Mwangi worked for local newspapers and won several awards, including CNN Africa photojournalist of the year in 2008 and 2010. He also founded Picha Mtaani, an organisation that focuses on reconciliation through photography and debate, and recently set up Pawa254 , a hub for young creative Kenyans that will shortly launch a Kickstarter or crowdfunding campaign.

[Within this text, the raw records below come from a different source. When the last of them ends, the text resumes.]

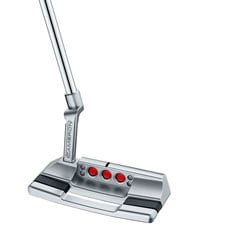 Scotty Cameron Studio Style Squareback 2 Putter | TGW.com
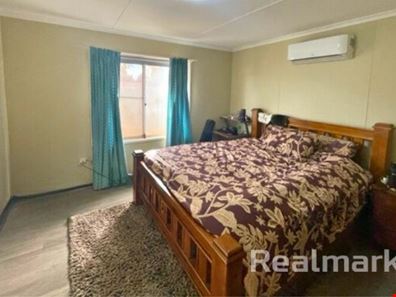 31 Keedi Road, Newman WA 6753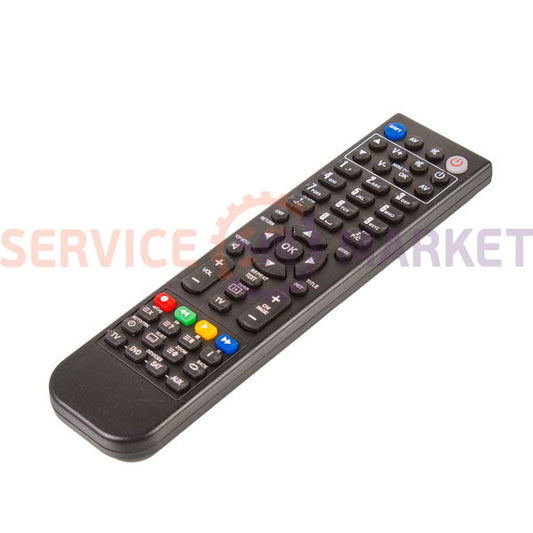 Remote control for Panasonic home theater EUR7662YK0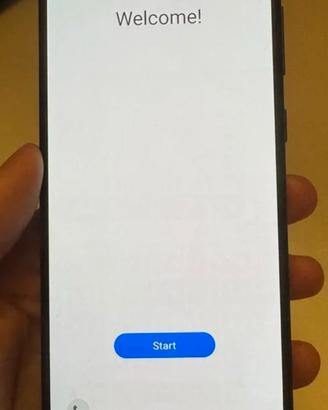 Samsung a31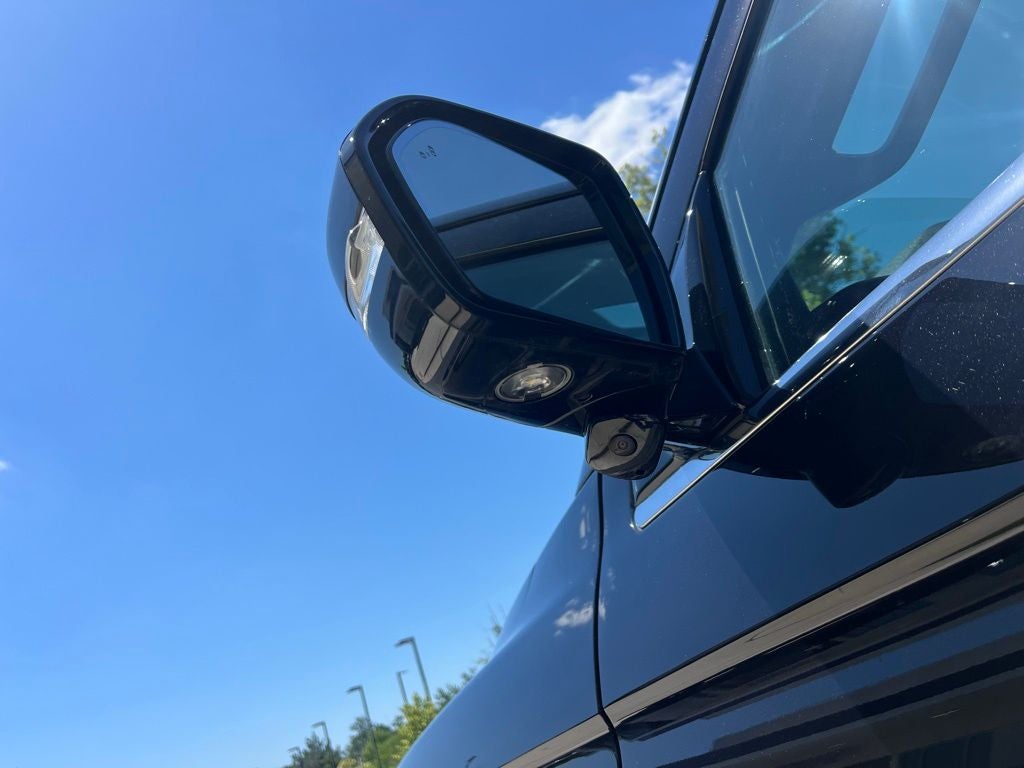 2023 Ford Expedition Max Limited Stealth 4WD | Pano Roof | 360 Cam | HD Tow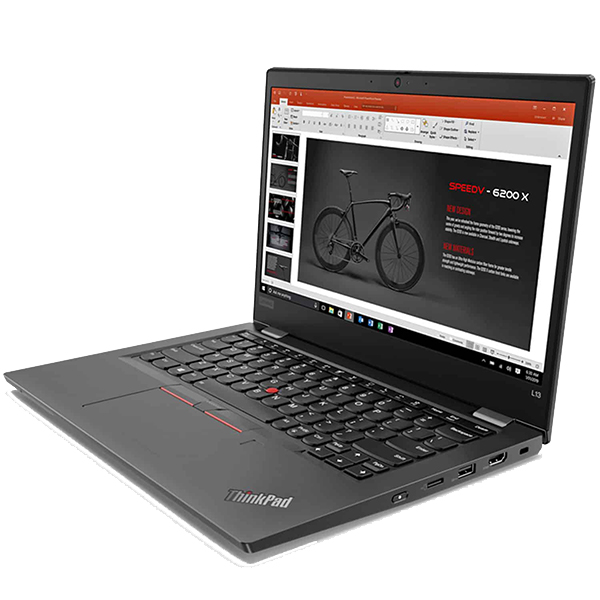 Lenovo ThinkPad L13 Gen 2 – 11th Gen Core i5, 16GB RAM, 256GB SSD, 13.3″ FHD Laptop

He says the toilet mural will probably be the last in the centre of Nairobi – there aren’t enough blank walls – but his wider action plan includes screening documentaries urging reconciliation and hosting youth forums to try to engage people in politics. “We are trying to encourage men and women of integrity to vie for elective office because if they don’t, you’ll just find vultures on the ballot … If they don’t, we are doomed.” His biggest fear is that people won’t pay attention. “I’ll be so disappointed because I’m not sleeping, I’m here at night. If we do all this and we don’t get the ballot revolution, it will be an … anti-climax.”
President Mwai Kibaki, whose disputed victory in 2007 brought Kenya to the brink of disaster, cannot stand again. The prime minister, Raila Odinga, who lost to Kibaki and is from a different tribe, is expected to run. The other declared candidates include Uhuru Kenyatta, deputy prime minister and son of founding father Jomo Kenyatta, and William Ruto. These last two are among four men due to stand trial at the international criminal court for instigating the post-election violence.
Mwangi’s team painted their first political mural on the night of 28 February near the city market. It shows an MP as a vulture, sitting on a chair, his feet grinding into a women’s head. “MPs screwing Kenyans since 1963,” reads a footnote. The MP is saying: “I am a tribal leader … I steal their taxes, grab land but the idiots will still vote for me.”
“I just wish they could do it all over town and in every constituency,” said Kevin Wambua, a 23-year-old student. “It’s telling the truth about how we have been taken for a ride by leaders,” said businesswoman Esther Kiratu.
According to Mwangi, there are many animals used by Kenyans to describe their politicians, but his team chose the vulture “because the vulture feeds on the weak, the dead. It’s a scavenger.”
This time, the writing on the wall was destined to be short-lived. Just hours after the team finished painting the public toilets, city council workers turned up and covered the mural with blue paint. Mwangi remains defiant: “We will go back and paint it again. We won’t give up.”